* Assignment *
Every line of the listing below should come back exactly as written, with no images.

* Entries shown *
++++++++++++++++++++

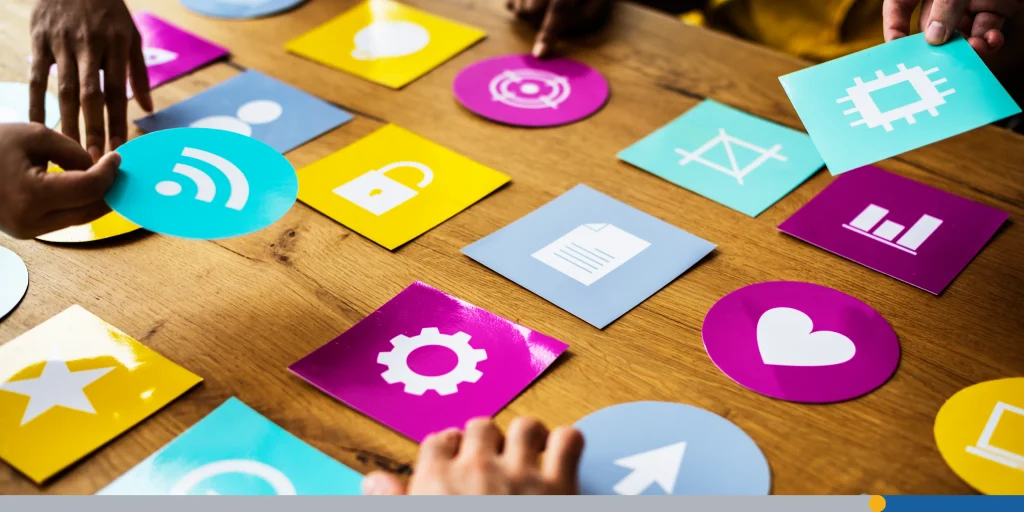Group of computer icon on the wooden table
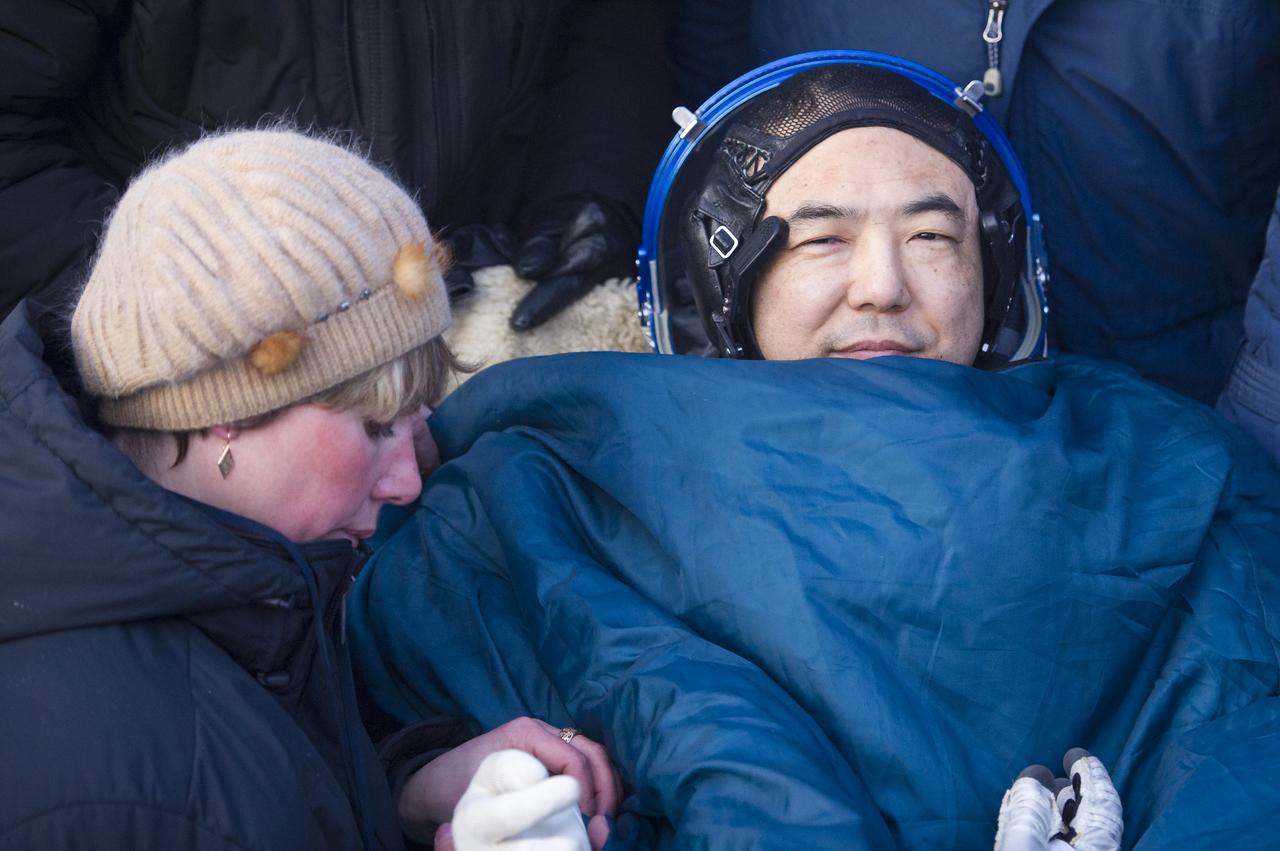 Expedition 29 Flight Engineer, JAXA (Japan Aerospace Exploration Agency) Astronaut, Satoshi Furukawa smiles as he rest in a chair outside the Soyuz TMA-02M Capsule just minutes after he and Expedition 29 Commander Mike Fossum and Flight Engineer Sergei Volkov landed in a remote area outside of the town of Arkalyk, Kazakhstan, on Tuesday, Nov. 22, 2011. NASA Astronaut Fossum, Russian Cosmonaut Volkov and JAXA (Japan Aerospace Exploration Agency) Astronaut Furukawa are returning from more than five months onboard the International Space Station where they served as members of the Expedition 28 and 29 crews. Photo Credit: (NASA/Bill Ingalls)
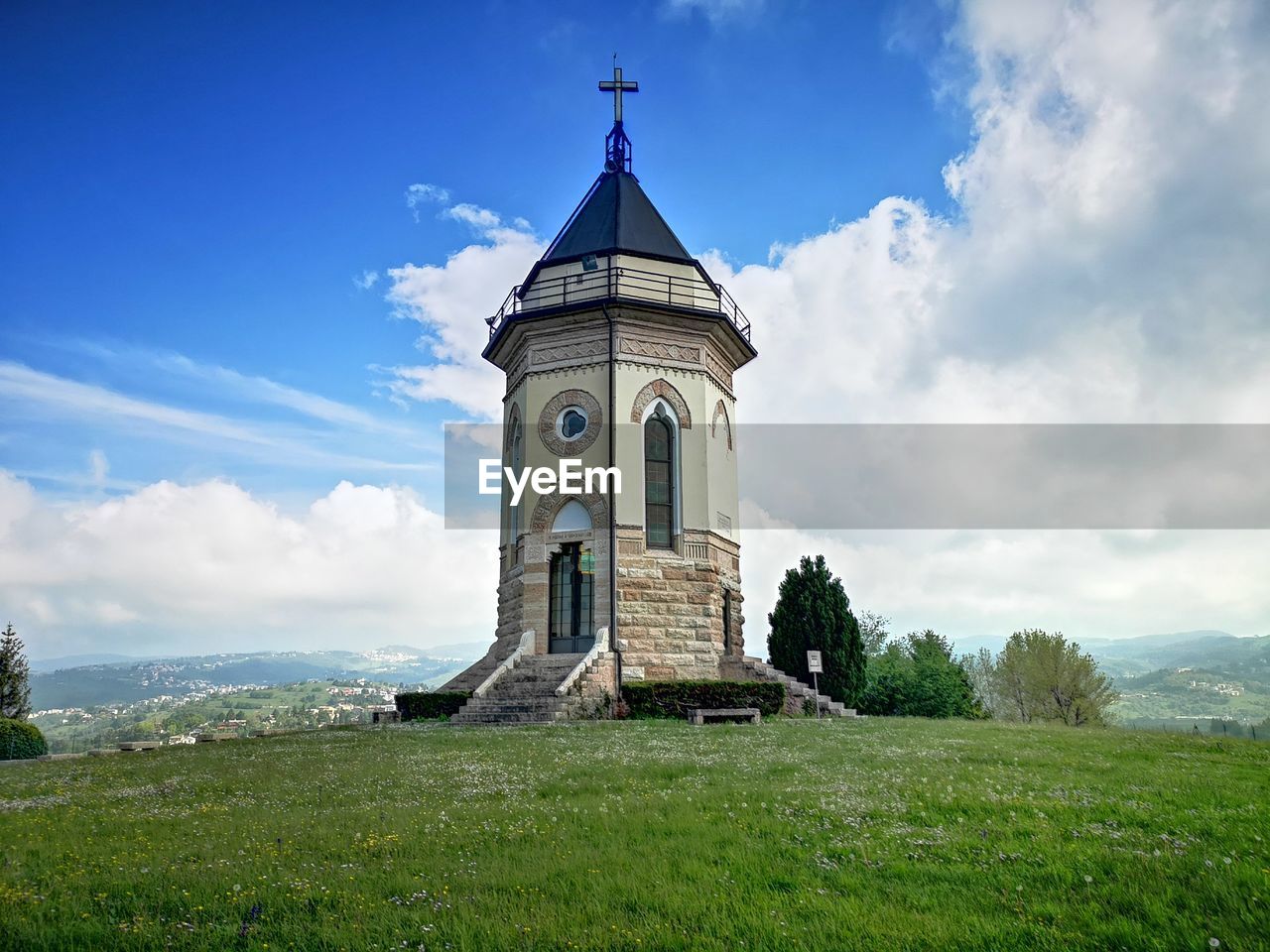 Church amidst buildings against sky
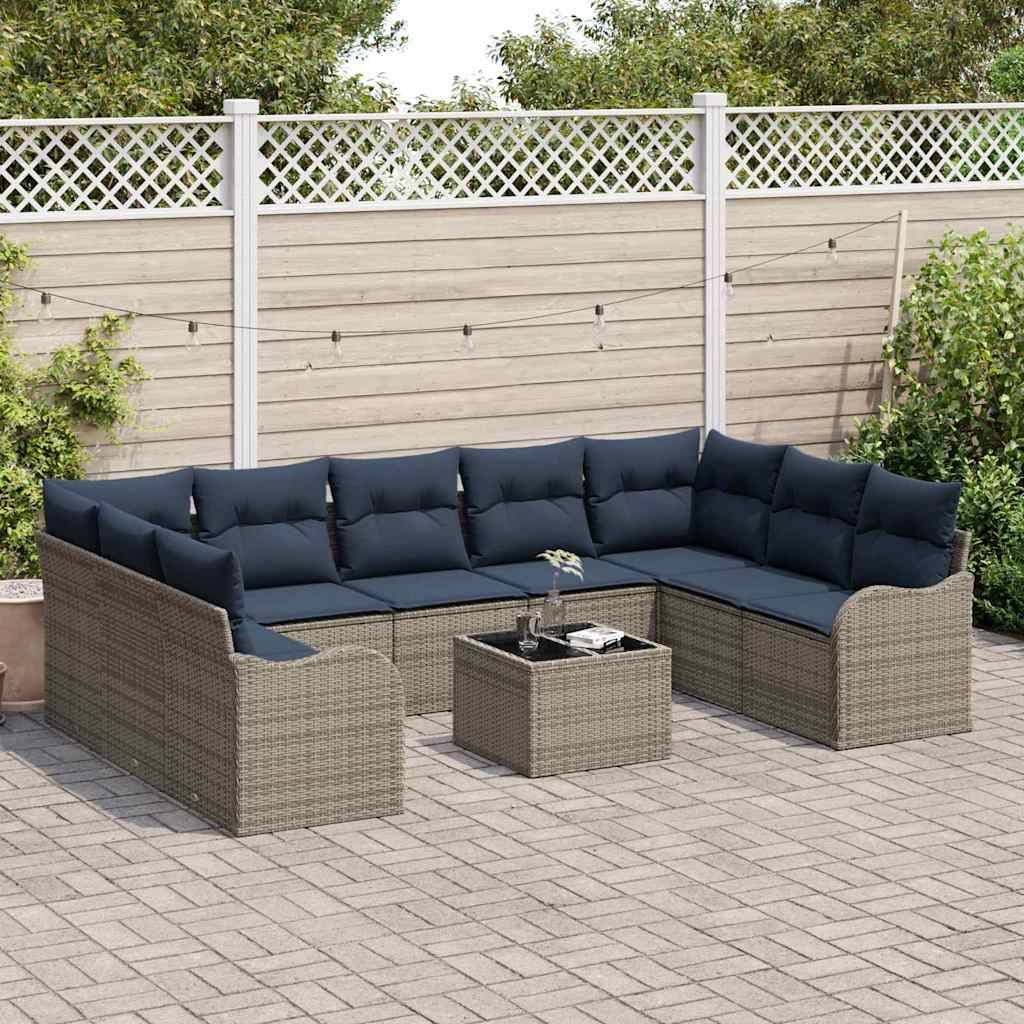Outdoor L-förmiges Rattansofa mit dunklen Kissen um einen quadratischen Couchtisch auf einer gepflasterten Terrasse neben einem Zaun und Grünflächen.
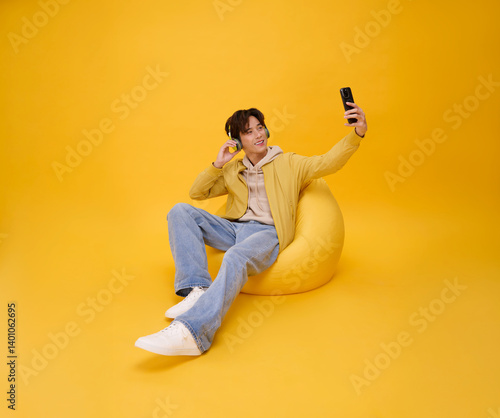 Happy young asian man listening to music with headphone and using phone sitting chair isolated on yellow background. People lifestyle concept.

++++++++++++++++++++

* Reply to the exercise *
Group of computer icon on the wooden table
 Expedition 29 Flight Engineer, JAXA (Japan Aerospace Exploration Agency) Astronaut, Satoshi Furukawa smiles as he rest in a chair outside the Soyuz TMA-02M Capsule just minutes after he and Expedition 29 Commander Mike Fossum and Flight Engineer Sergei Volkov landed in a remote area outside of the town of Arkalyk, Kazakhstan, on Tuesday, Nov. 22, 2011. NASA Astronaut Fossum, Russian Cosmonaut Volkov and JAXA (Japan Aerospace Exploration Agency) Astronaut Furukawa are returning from more than five months onboard the International Space Station where they served as members of the Expedition 28 and 29 crews. Photo Credit: (NASA/Bill Ingalls)
 Church amidst buildings against sky
Outdoor L-förmiges Rattansofa mit dunklen Kissen um einen quadratischen Couchtisch auf einer gepflasterten Terrasse neben einem Zaun und Grünflächen.
 Happy young asian man listening to music with headphone and using phone sitting chair isolated on yellow background. People lifestyle concept.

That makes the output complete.